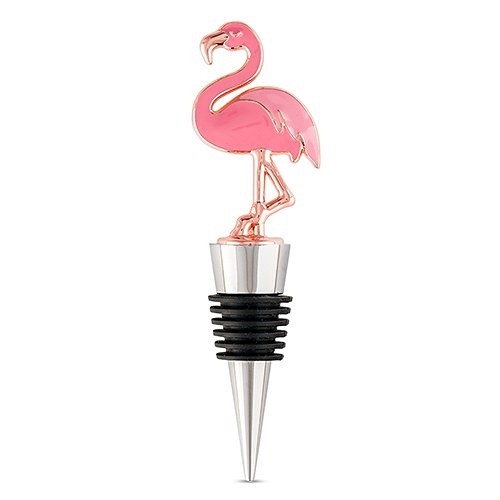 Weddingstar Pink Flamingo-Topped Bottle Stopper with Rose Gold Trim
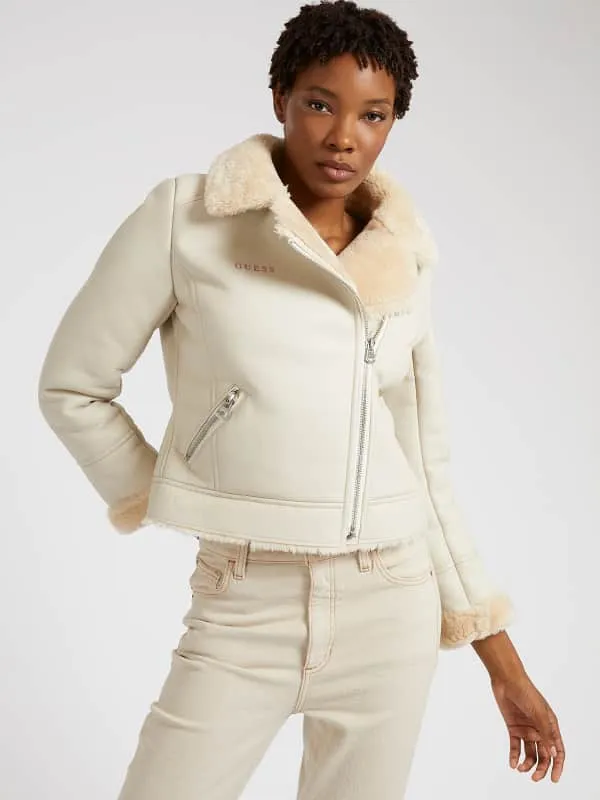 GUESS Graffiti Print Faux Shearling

════

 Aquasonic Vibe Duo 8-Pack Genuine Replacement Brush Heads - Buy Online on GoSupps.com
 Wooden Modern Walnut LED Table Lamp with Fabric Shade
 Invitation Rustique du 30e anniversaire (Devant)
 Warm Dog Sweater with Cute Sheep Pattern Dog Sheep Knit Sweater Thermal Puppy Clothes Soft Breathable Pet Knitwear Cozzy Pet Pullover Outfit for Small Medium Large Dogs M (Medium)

════

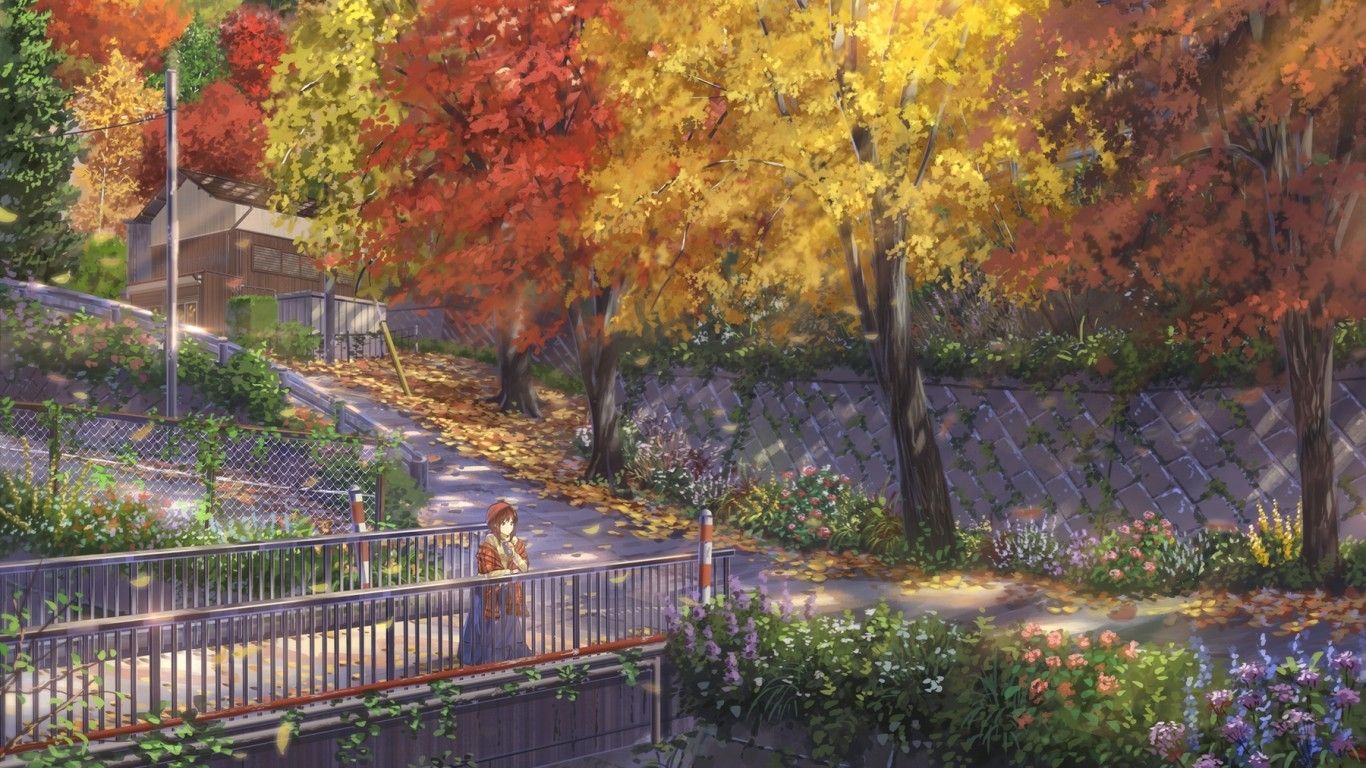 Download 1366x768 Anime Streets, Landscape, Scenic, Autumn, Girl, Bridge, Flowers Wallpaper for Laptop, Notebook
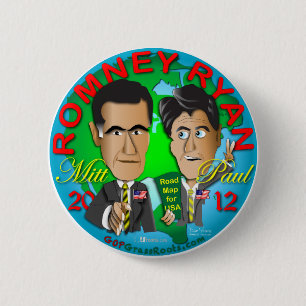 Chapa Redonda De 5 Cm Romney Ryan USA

════

Transcribe each line of the data above, unaltered, from the one where "Aquasonic Vibe Duo" appears to the one where "Warm Dog Sweater" appears, inclusive of both.

- **SOLUTION TO THE PROBLEM**
 Aquasonic Vibe Duo 8-Pack Genuine Replacement Brush Heads - Buy Online on GoSupps.com
 Wooden Modern Walnut LED Table Lamp with Fabric Shade
 Invitation Rustique du 30e anniversaire (Devant)
 Warm Dog Sweater with Cute Sheep Pattern Dog Sheep Knit Sweater Thermal Puppy Clothes Soft Breathable Pet Knitwear Cozzy Pet Pullover Outfit for Small Medium Large Dogs M (Medium)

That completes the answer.